While mood lows affect all of us once in a while, women are more susceptible to experiencing them due to hormonal fluctuations. They can happen when the production, release, or activity of endorphins and serotonin, which can be triggered by variety of factors such as hormonal fluctuations, health issues, or stress. Luckily, herbal remedies are here to the rescue. The following mood-boosting herbs, combined with healthier lifestyle habits and ways to de-stress, can help you keep these low periods away.
Exercise stimulates the release of endorphins, the feel-good neurotransmitters in the brain. Going for a run, dancing, or swimming could help blast a mood swing.
1. Cacao (Theobroma cacao)
Cacao contains a combination of polyphenols that stimulate the cognitive functions and enhance mood by stimulating the release of endorphins in the brain. This is great news for chocolate-lovers, as the cacao bean is a key ingredient. Keep a bar of dark chocolate (i.e., 70% or more cocoa solids) handy to nibble on for a quick boost when you're feeling low. It is lower in sugar and saturated fats than regular milk chocolate, and it is actually very healthy for your brain.

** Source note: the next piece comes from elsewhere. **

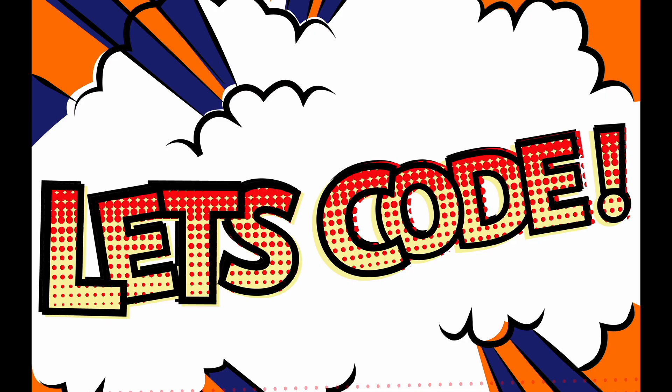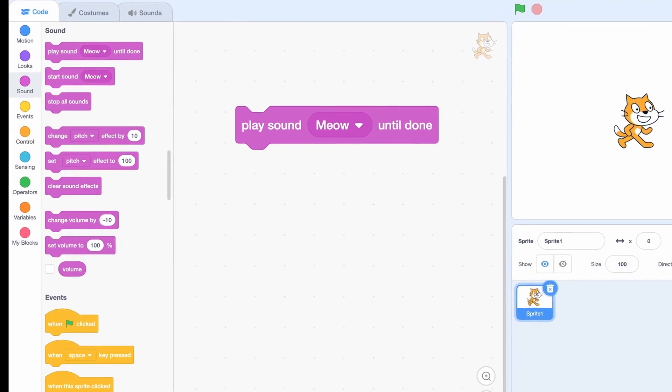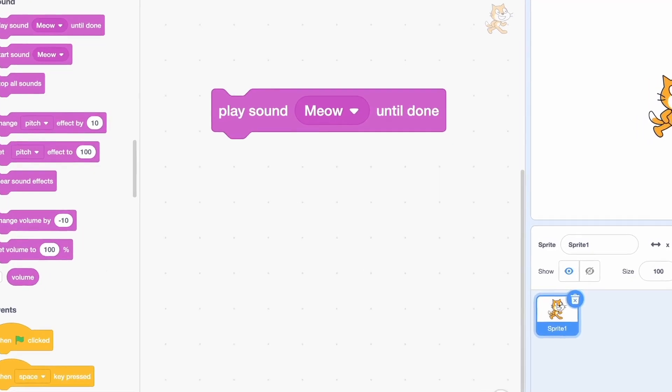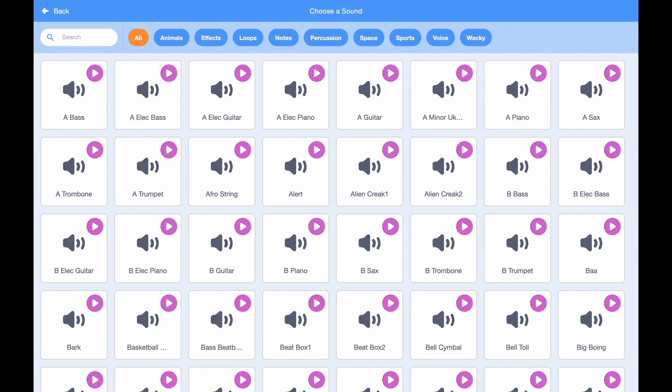Let's learn how to add short sound effects and long background soundtracks to our project to make them even better. Let's code. To play a sound, use the following command. There's a drop-down menu where you can choose which sounds you want.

2. Coffee (Coffea arabica)
Coffee is the go-to herbal pick-me-up for many people due to its caffeine content. Caffeine is believed to block the adenosine receptors, triggering the release of two stimulants in the brain, dopamine and glutamate. This enhances cognitive functions, aids mental sharpness, and diminishes fatigue, thus helping boost mood and be more productive.
3. St. John's Wort (Hypericum perforatum)
St. John's wort is often used as a natural treatment for depression, because of its mood-boosting and anxiety-relieving effects. Hypericin and hyperforin, the herb's active compounds, act on chemical messengers in the nervous system and regulate mood. The herb is typically consumed in extract or capsule form to battle low and depressive moods.
4. Turmeric (Curcuma longa)
Although turmeric has been used in Asia for medicinal purposes for thousands of years, its effects on mood have been unknown until recently. Turmeric contains an active compound, called curcumin, which - thanks to its ability to increase serotonin and dopamine levels - has been shown more effective in relieving depression than some of the popular anti-depressants.1 Moreover, it has not been recognized for causing any side effects, unlike the prescription depression drugs.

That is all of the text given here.